Exercise requirements: The lines from the one holding "E4OD Stage 3 Package, 4wd" through the end of the records below are to be written out exactly, and nothing else; pictures are to be left out.

....

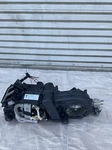 2014 Maserati Quattroporte Q4 Center Console Heater Core Blower Motor Assy Oem. Fixed Price $117.60.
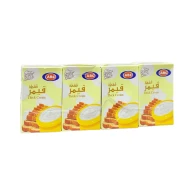 قشطة قيمر 135مل 1*40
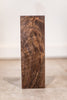 Oregon Black Walnut Board B9434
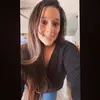 chella466 - @michellespray4 - TikTok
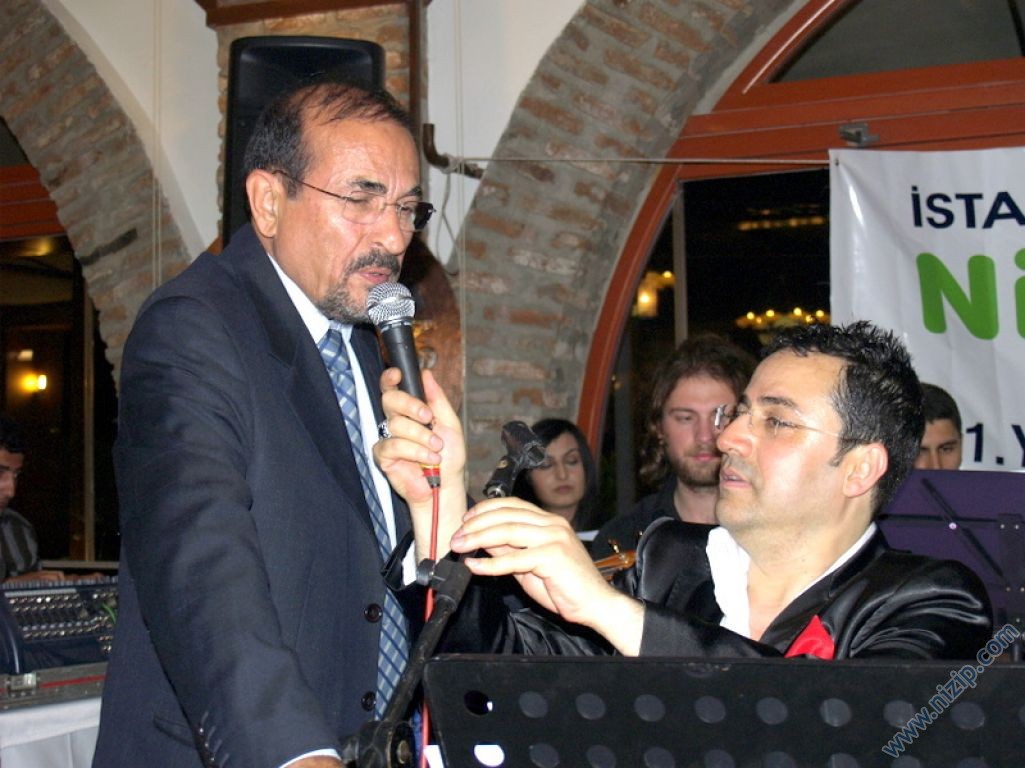 ali bilici 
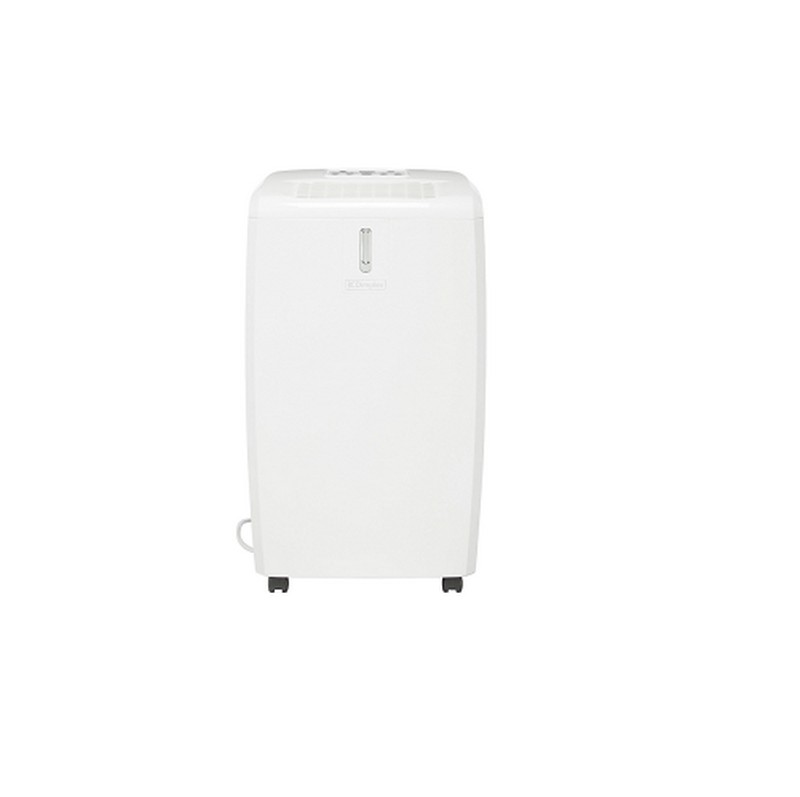 Dimplex 20L  Dehumidifier White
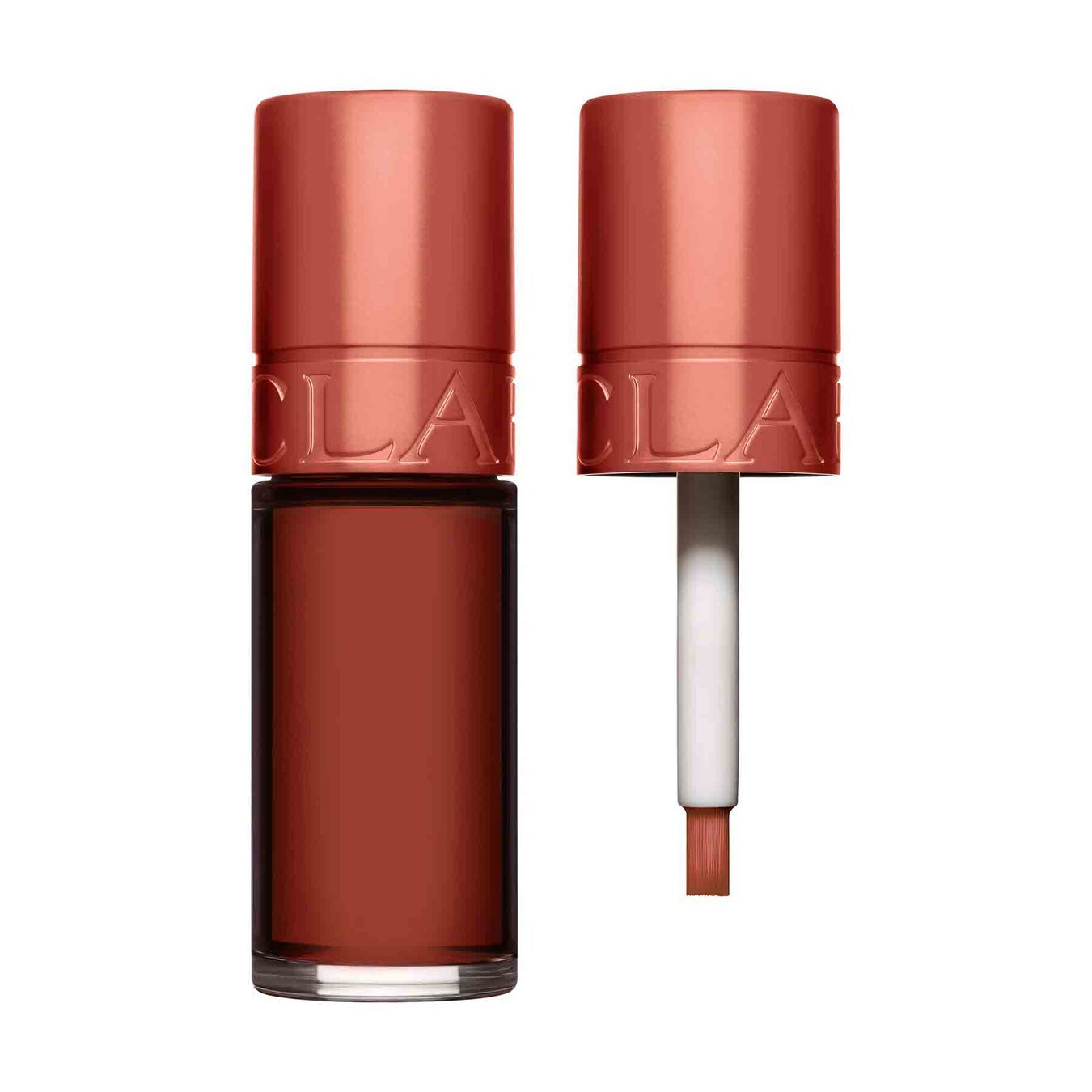 Clarins Water Lip Stain Lippenstift 7ml von Clarins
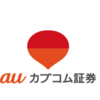 auカブコム証券のポイント投資応援キャンペーン：1000ポイント当選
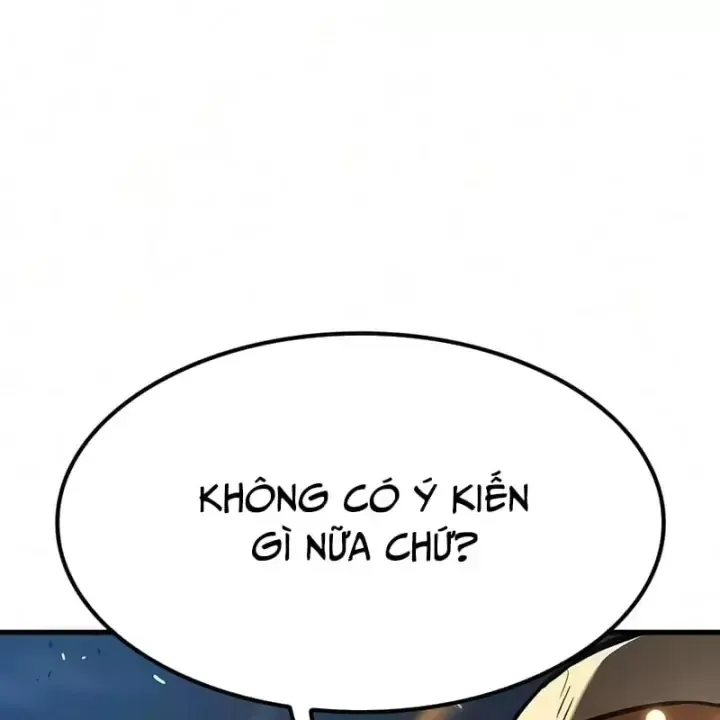 Cách Sinh Tồn Của Thợ Săn Ma Thú Chapter 23 - Trang 40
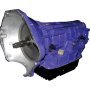 E4OD Stage 3 Package, 4wd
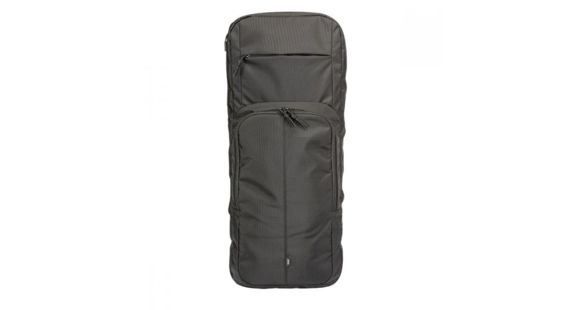 Image of 5.11 Tactical LV M4 Shorty Gun Case, 18L, Black, 1 SZ, 56474ABR-019-1 SZ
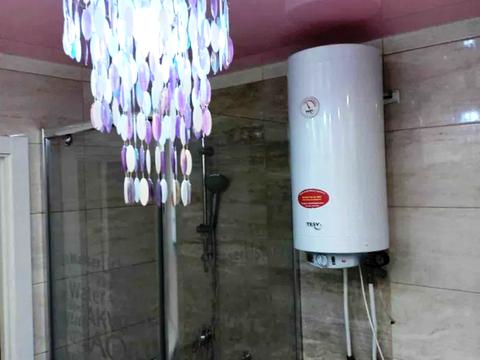 квартира по адресу Энтузиастов ул., 7/1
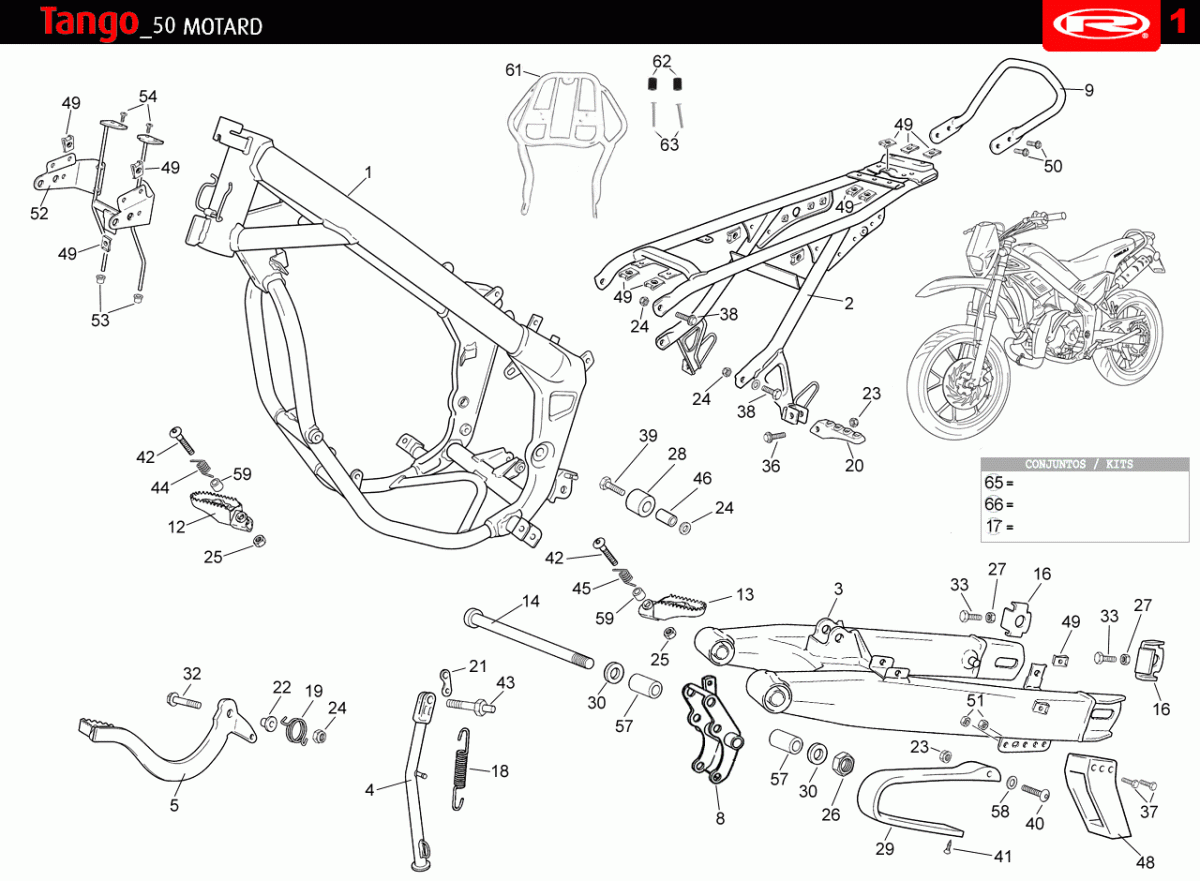 tango-50-motard-2008-noir-cadre.gif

....

Answer below:
 E4OD Stage 3 Package, 4wd
 Image of 5.11 Tactical LV M4 Shorty Gun Case, 18L, Black, 1 SZ, 56474ABR-019-1 SZ
 квартира по адресу Энтузиастов ул., 7/1
 tango-50-motard-2008-noir-cadre.gif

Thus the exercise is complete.